最近の特筆すべきニュースの一つは,Crayの主力機とは別に,Crayは最近,米エネルギー省のSandia国立研究所と「Red Storm」というスーパーコンピュータの開発で9,000万ドルの複数年契約を結んだことでしょう. ここで使用されるのは,ベクトルではなくて,AMDの「Opteron」を採用しています. 2004年度の導入で,40TFLOPSを目指し,60TFLOPSへのアップグレードもオプションとして含まれているらしいです.

後述するX1というベクトル機がCrayの主力だと思うのですが,お客さんが欲しいと言えば,コモディティを用意するという上記の2番目の問題がここで出てきてしまうのです.将来的には,Red Stormのネットワーク技術がX1に導入されるのだと開発者は言っていましたが,これは苦しい言い訳でしょう.

Crayの売りたいものは,やはりベクトル機でしょう.ここがつらいところ.売りたいものとお客さんが望むものがずれる場合があるわけです.

さて,X1はCrayが,まんを持して用意したベクトル計算機です.2010年までにPETAFLOPSを実現できるのはCrayだと豪語していました.でもその豪語もEarth Simulatorがあったからでしょう.すべての面で新しく,これまでのCrayの資産を受け継ぐマシンで,システム全体はccNUMAであり,X1の第1バージョンは52.4 TFだそうです.

NECのマシンと何が違うの?という問いに,もちろんお客さんがNECが欲しいと言えば売るけれども,と答えていましたが,X1にはノードのスケーラビリティがあるのだと言っていました.

Crayの問題点は,上記の1番目の問題です.少ないノードでも大きなノードでもX1は素晴らしい. そう言いたいのでしょう.しかしながら,価格はどうなのでしょうか.そして,コモディティハードウエアの路線と統合して,Crayの資源を集中することが将来できるのでしょうか.

SGI

残念ながら,最近聞いた話のなかで,アメリカ勢で最も力弱かったのが,SGIです.  ccNumaが特徴なのでしょうが,その特徴をどうやってだせばよいのかSGI自身も悩んでいるように映ります.売りたいものは別にあるのだけれど,お客さんがほしいといっているのはIntel何だよー という嘆きが聞こえてきそうです.Origin がMIPS路線でAltixがItanimu路線です.グラフィックスが強いSGIですが,今後のグリッドのサポートなどを含めて,この戦いは厳しそうです.

Dell

不気味なのは,Dellかもしれません.できなくてもできると言っちゃいそうな勢いがあると思います. 少なくとも,日本ではそうだと思います.しかも,コモディティだけに注力して勝負しようとしている姿は美しさ,さえあります.ある程度,どうせ計算機のお守りには技術が必要だと管理者に技術があって割り切ることが可能なサイトでは,Dellは適しているのかもしれません.Earth Simulatorに勝負できるとは思わないけれども,特徴はあるし,十分戦いになるのではないかと思われます.

日本勢

さて,一方日本といえば...

残念ながら,私のところには,日本からのEarth Simulatorの回答は届いてこないように思えます. これはどうしたことでしょうか.日本はできることが示せました.これからもっともっとやるべきでしょう.もったいない気がします.

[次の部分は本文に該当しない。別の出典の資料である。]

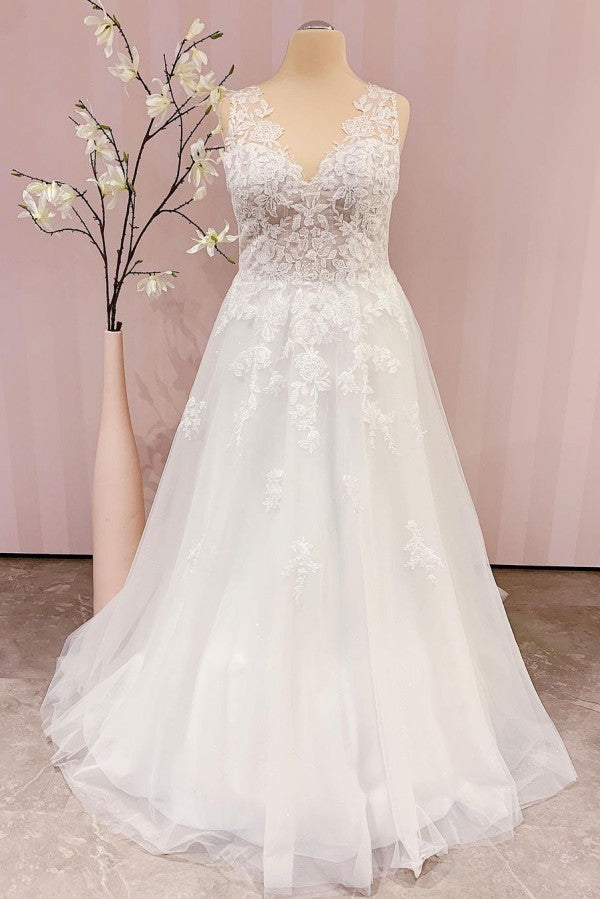 A-Line Backless Wedding Dress with Appliques Lace - Simple V-Neck Design-BallBride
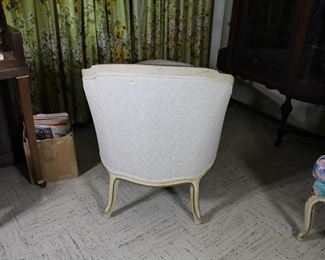 Another view of the French Provincial down filled chaise lounge 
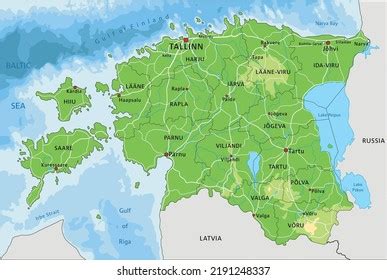 Highly Detailed Estonia Physical Map Labeling Stock Vector (Royalty ...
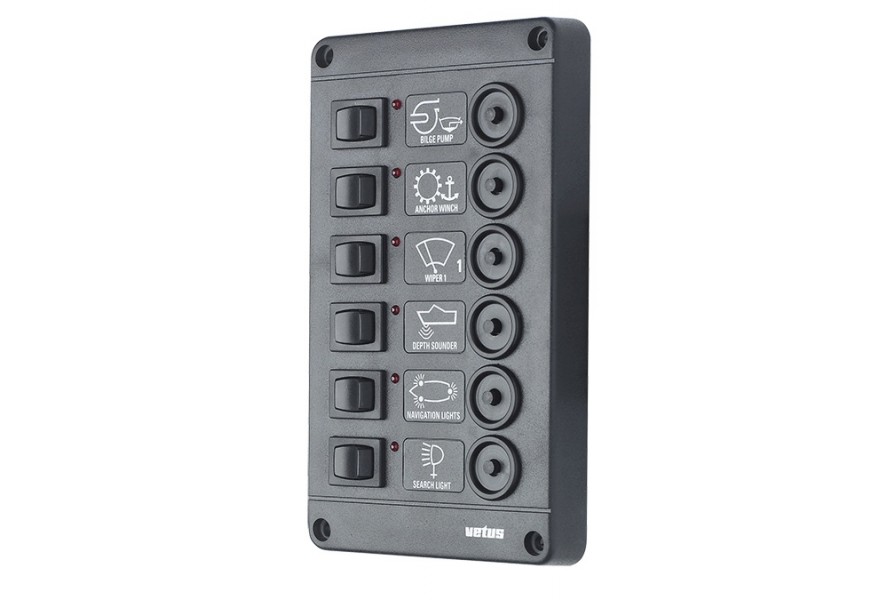 Panel P6CB12 6 way 12V (with 6 x10A breakers and backlit LED)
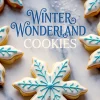 Snowflake-shaped sugar cookies decorated with white and blue royal icing displayed on a marble surface with text overlay reading “Winter Wonderland Cookies.”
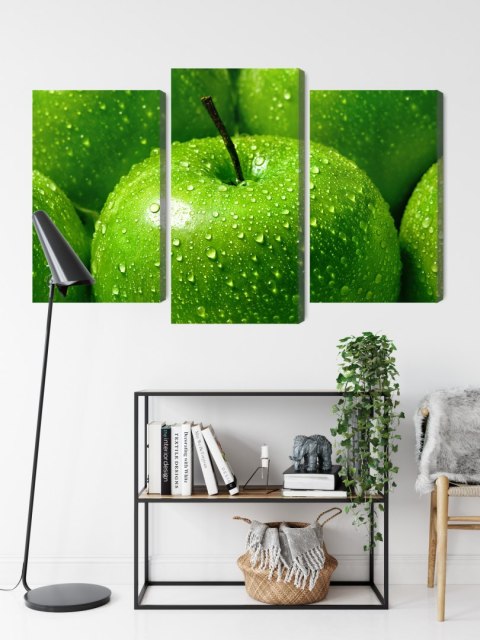 Obraz Wieloczęściowy Zielone Jabłka W Skali Makro Canvas 120x80 LBS-3929-C120-80_1X40-80_2X40-60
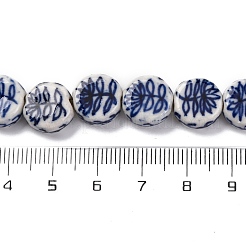 手作りの青と白の磁器ビーズ連売り  混合模様  ラウンド  プルシアンブルー  11~13x5~6mm  穴：1.6mm  約30~32個/連  14.25''（36.2センチメートル）&nbsp;PORC-I027-15A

Earth Simulator開発元のNECですが,素晴らしいマシンを構築する技術力を世界に見せ付けました.歴史に残る,プロジェクトXに出てきてもおかしくない業績でしょう.もっともっと賞賛されてもよいでしょう.そして,今後のNECはどのような展開を見せるのでしょうか.一つ心配なのは,上記のノードのスケーラビリティの実現です.これはなかなか大変なのではないでしょうか? Earth Simulatorの半分の規模のシステムの受注があった場合にすぐに対応できるのでしょうか.日本代表として是非,がんばってもらいたいと,本当に応援しています.

Fujitsuの戦略は素人にもわかりやすいというか,富士通らしいというか,すべてを捨ててコモディティで行くぜい.しかも総力戦だぜい.ということなのでしょう.ただ,これは,Earth Simulatorへの回答ではなくて,それ以前の規定路線だと思われます.ある程度の規模のマシンはターゲットにできると思われますが,Top 500のTopはもう狙わないのでしょうか.それともまだまだターゲットの範疇なのでしょうか.Earth Simulator以後,戦略の転換は無いのでしょうか.

海外の会社がぞくぞくとEarth Simulatorへの回答を出しています.日本からも是非,日本からこそ,次の回答を出してもらいたいと思っています.